Among the entries below, the lines from the one with "Блок системи контролю" up to and including the one with "8 Linwood Way Bedford NH 03110-5126" are to be restated exactly, without pictures.

Segment Start: Material for this exercise

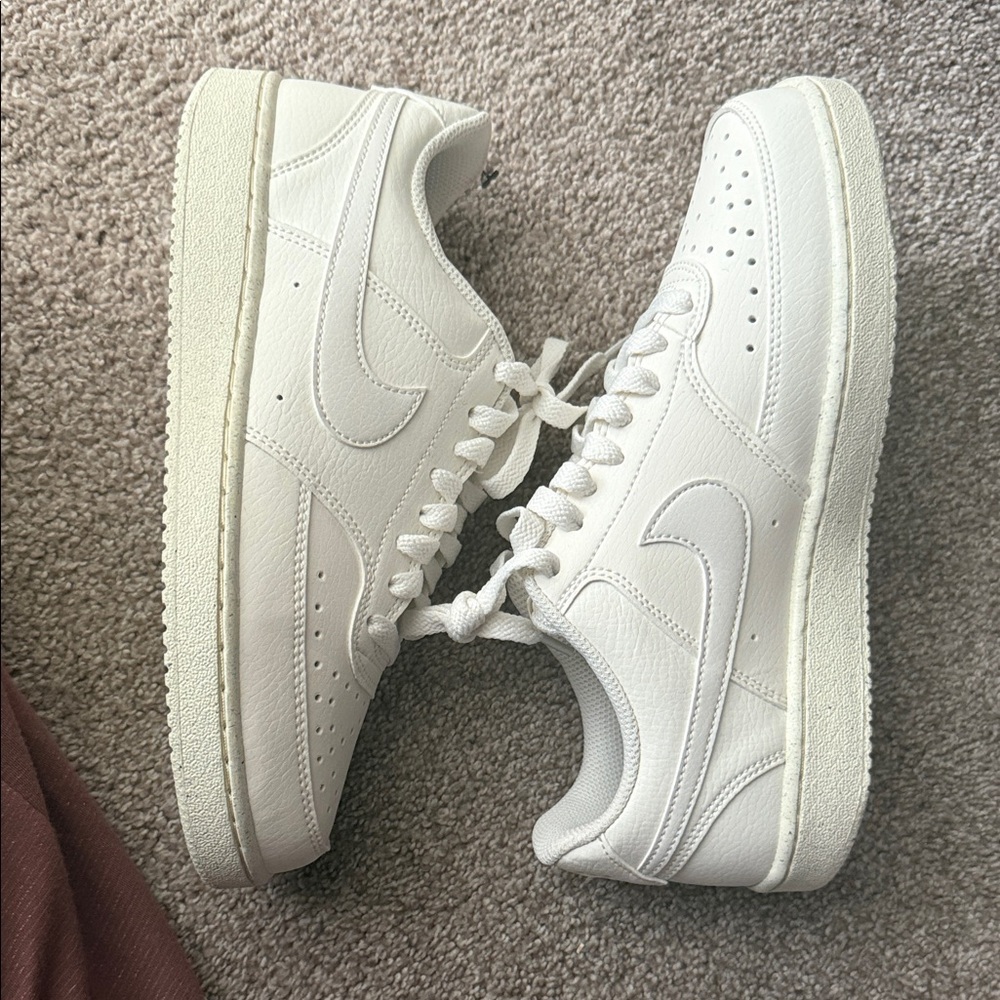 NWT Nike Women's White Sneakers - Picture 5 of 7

Segment End: Material for this exercise
Segment Start: Material for this exercise

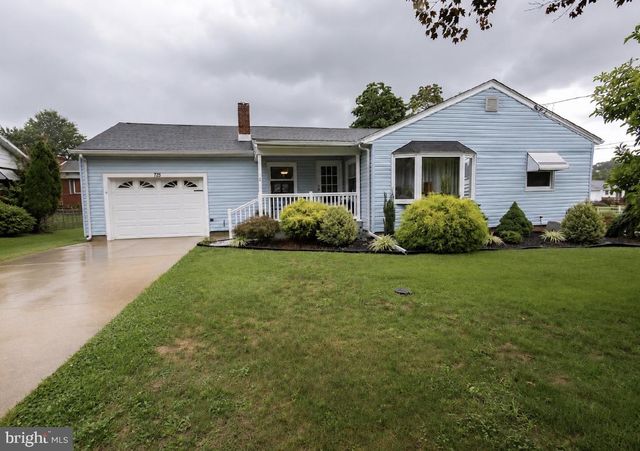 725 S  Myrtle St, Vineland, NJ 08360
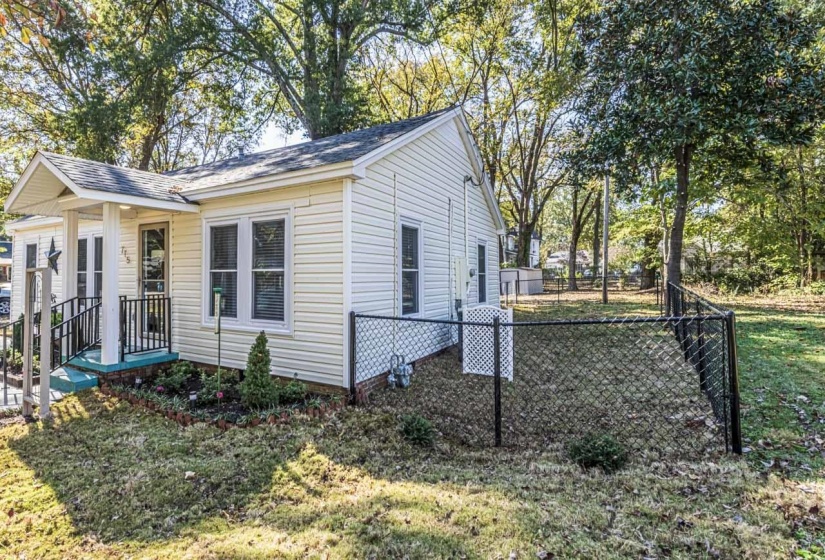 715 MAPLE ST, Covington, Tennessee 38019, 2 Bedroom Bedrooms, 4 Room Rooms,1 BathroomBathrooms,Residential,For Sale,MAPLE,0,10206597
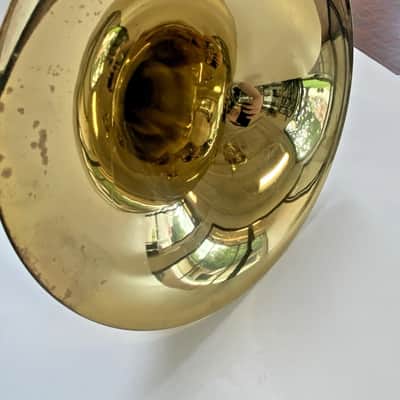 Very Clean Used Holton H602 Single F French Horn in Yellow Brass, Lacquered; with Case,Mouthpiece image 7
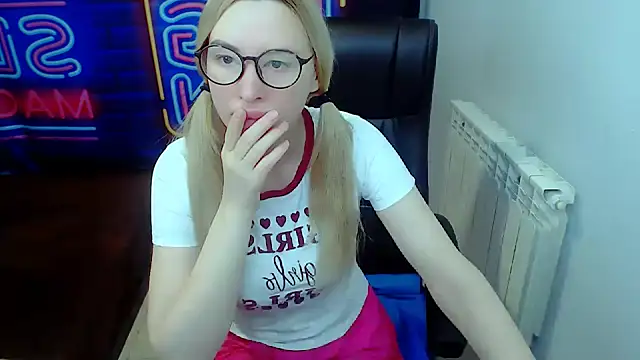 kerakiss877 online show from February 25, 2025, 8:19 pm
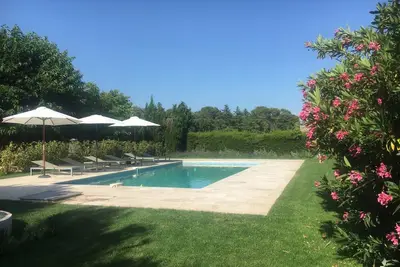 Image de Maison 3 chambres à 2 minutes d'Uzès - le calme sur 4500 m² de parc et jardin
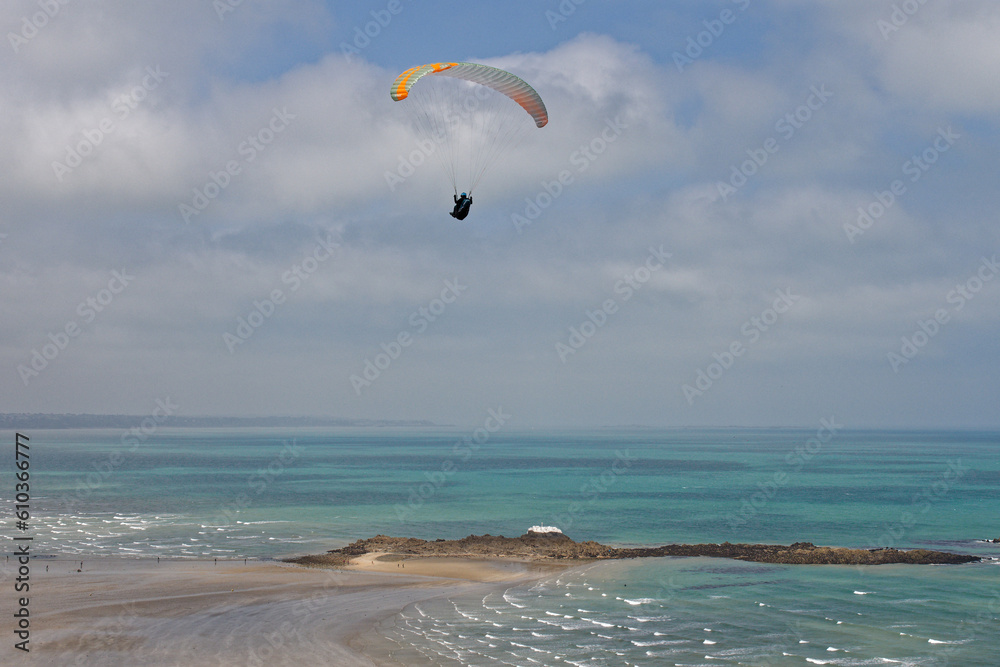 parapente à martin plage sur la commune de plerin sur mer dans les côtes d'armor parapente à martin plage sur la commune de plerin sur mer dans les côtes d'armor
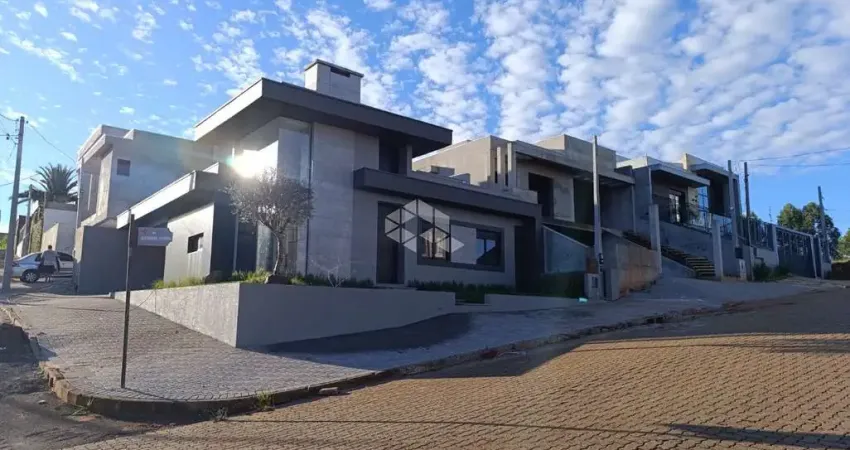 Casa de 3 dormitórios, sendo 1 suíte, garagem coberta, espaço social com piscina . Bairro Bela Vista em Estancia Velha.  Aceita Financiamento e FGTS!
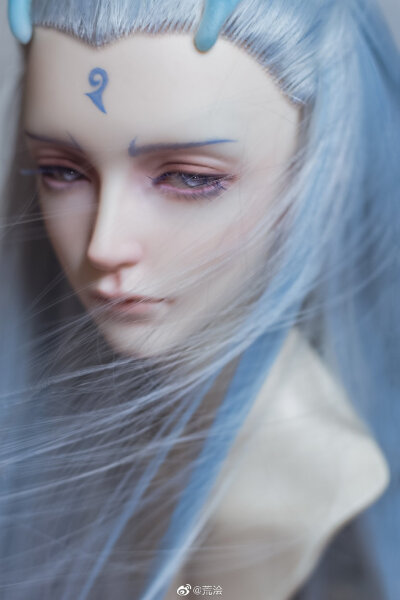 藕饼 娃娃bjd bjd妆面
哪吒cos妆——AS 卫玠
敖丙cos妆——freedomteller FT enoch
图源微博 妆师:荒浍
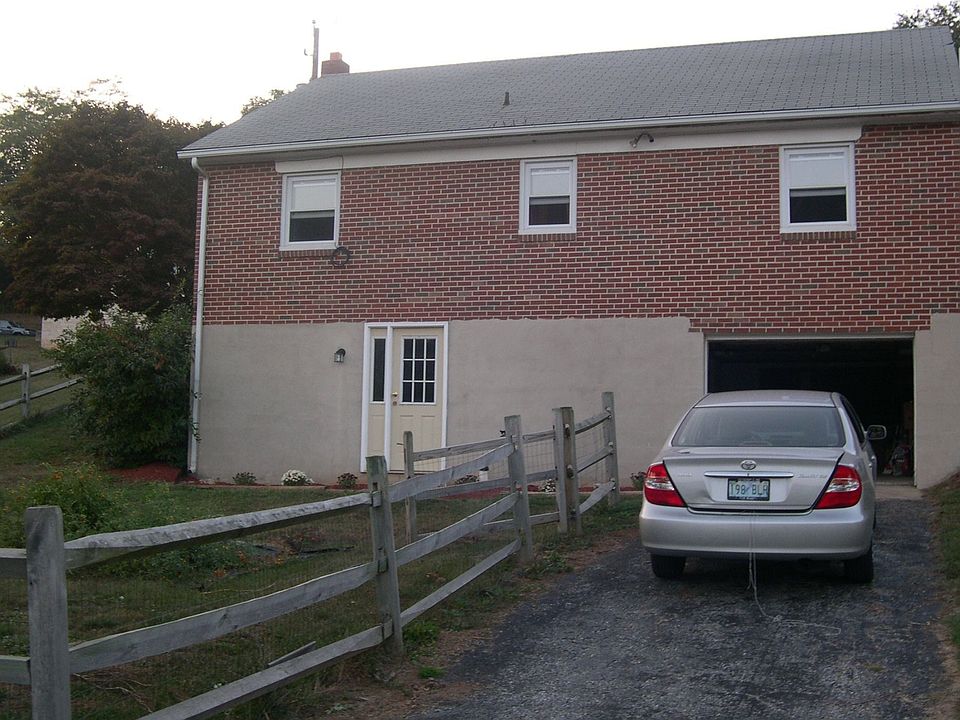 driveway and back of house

Segment End: Material for this exercise
Segment Start: Material for this exercise

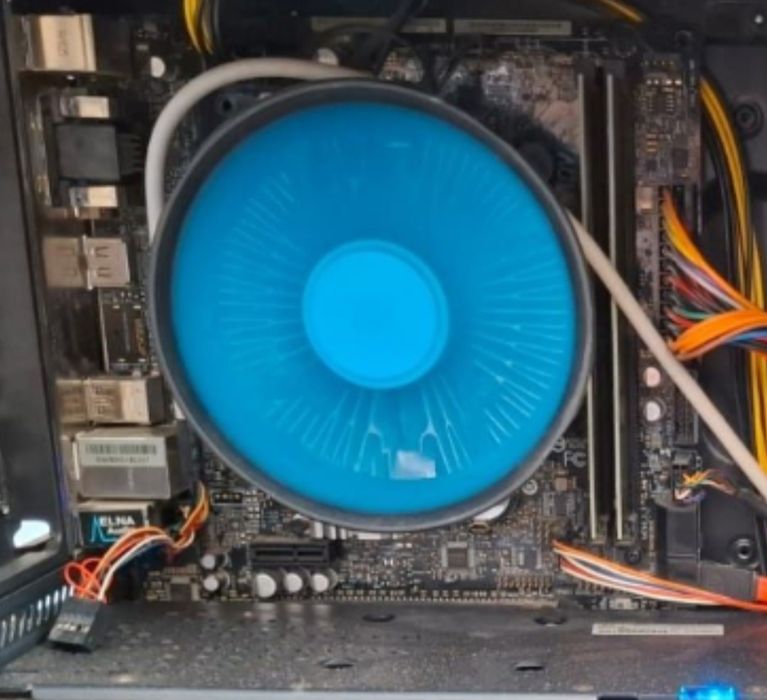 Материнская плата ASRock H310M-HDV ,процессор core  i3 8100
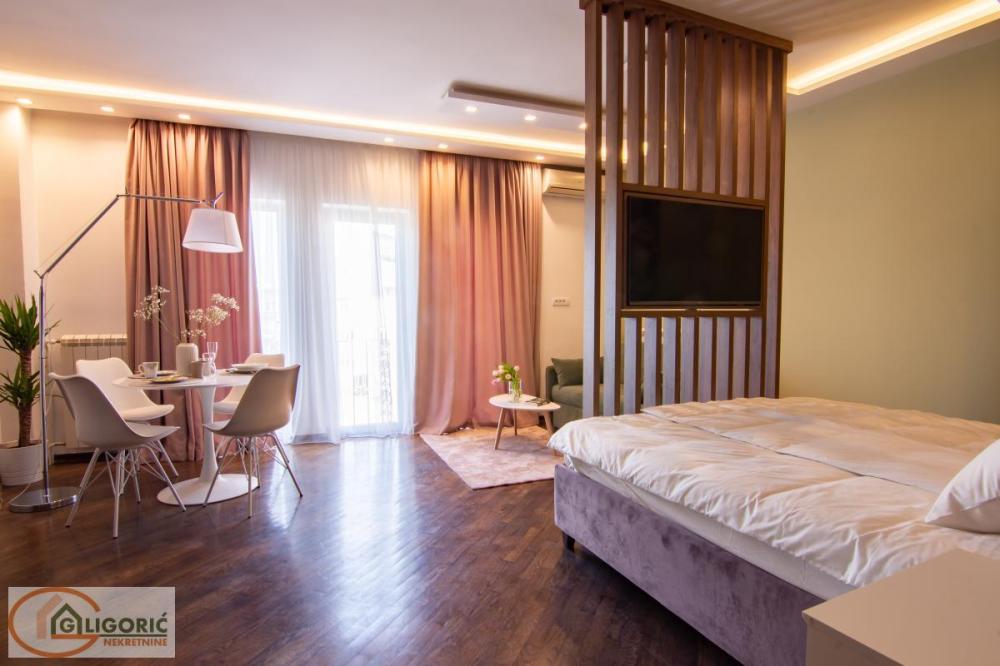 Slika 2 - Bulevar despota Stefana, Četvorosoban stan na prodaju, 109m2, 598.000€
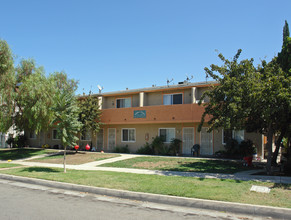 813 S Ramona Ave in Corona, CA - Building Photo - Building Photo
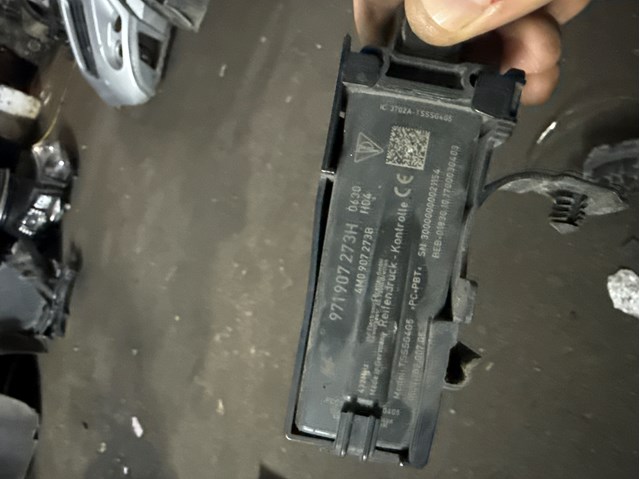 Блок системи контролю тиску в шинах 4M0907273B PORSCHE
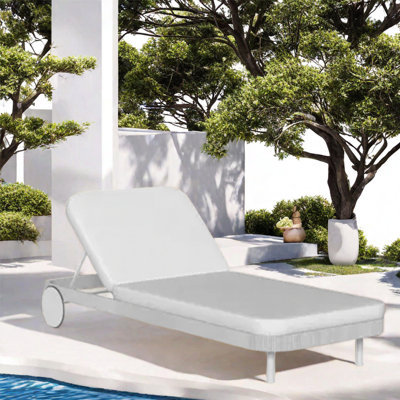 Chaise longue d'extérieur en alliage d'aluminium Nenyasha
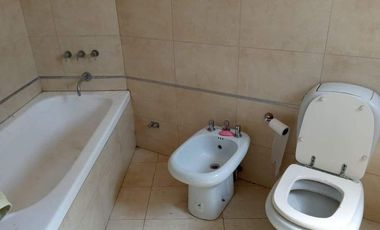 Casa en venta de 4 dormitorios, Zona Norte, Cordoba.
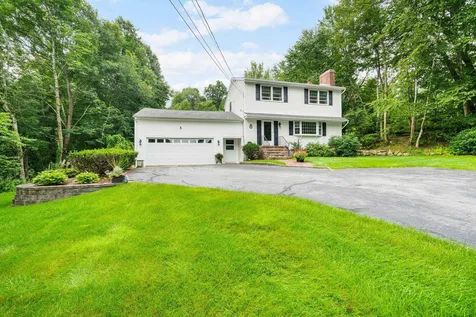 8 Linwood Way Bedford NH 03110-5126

Segment End: Material for this exercise

> Problem solution:
 Блок системи контролю тиску в шинах 4M0907273B PORSCHE
 Chaise longue d'extérieur en alliage d'aluminium Nenyasha
 Casa en venta de 4 dormitorios, Zona Norte, Cordoba.
 8 Linwood Way Bedford NH 03110-5126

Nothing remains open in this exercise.